I also cannot run the tests, "make check" fail very early with:
SRCDIR=. LAYOUT=partitions ../../run --test ./make-fedora-img.pl
Can't locate Sys/Guestfs.pm in @INC (you may need to install the
Sys::Guestfs module) (@INC contains: /usr/local/lib64/perl5
/usr/local/share/perl5 /usr/lib64/perl5/vendor_perl
/usr/share/perl5/vendor_perl /usr/lib64/perl5 /usr/share/perl5) at
/home/nsoffer/src/virt-v2v/test-data/phony-guests/make-fedora-img.pl
line 27.
BEGIN failed--compilation aborted at
/home/nsoffer/src/virt-v2v/test-data/phony-guests/make-fedora-img.pl
line 27.
/home/nsoffer/src/virt-v2v/run: command failed with exit code 2
Anyway patch looks reasonable, although I didn't test it, so:
ACK
Rich.
> v2v/rhv-upload-plugin.py | 40 +++++++++++++++++++++++++++++++---------
> 1 file changed, 31 insertions(+), 9 deletions(-)
>
> diff --git a/v2v/rhv-upload-plugin.py b/v2v/rhv-upload-plugin.py
> index 75e4f404..3942ec72 100644
> --- a/v2v/rhv-upload-plugin.py
> +++ b/v2v/rhv-upload-plugin.py
> @@ -513,21 +513,43 @@ def create_transfer(connection, disk, host):
> # Get a reference to the created transfer service.
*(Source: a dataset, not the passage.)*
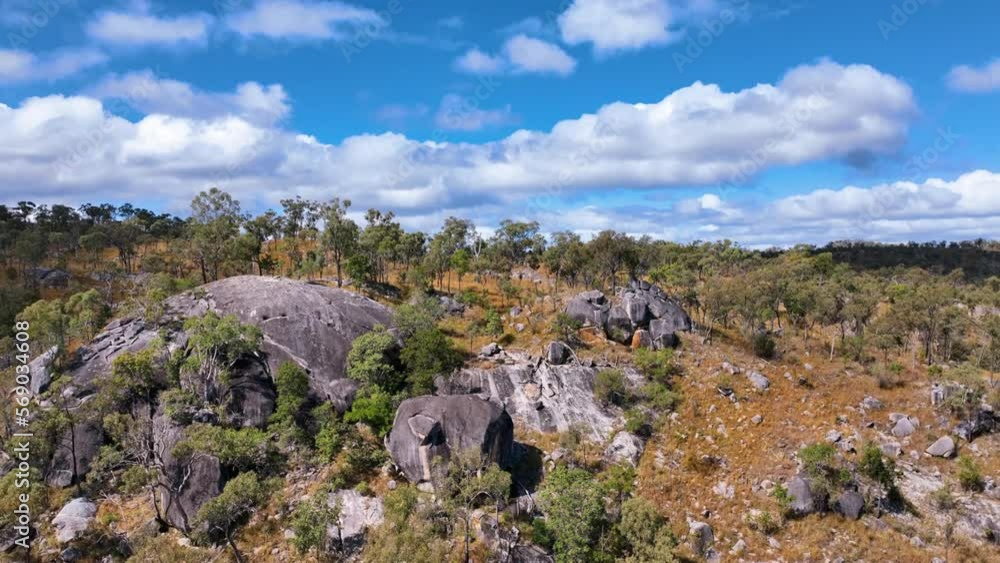 Aerial close up of Slug Rock and sparse bushland Bowen hinterland Australia Aerial close up of Slug Rock and sparse bushland Bowen hinterland Australia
> transfer_service = transfers_service.image_transfer_service(transfer.id)
>
> - # After adding a new transfer for the disk, the transfer's status
> - # will be INITIALIZING. Wait until the init phase is over. The
> - # actual transfer can start when its status is "Transferring".
> + # Wait until transfer's phase change from INITIALIZING to TRANSFERRING. On
> + # errors transfer's phase can change to PAUSED_SYSTEM or FINISHED_FAILURE.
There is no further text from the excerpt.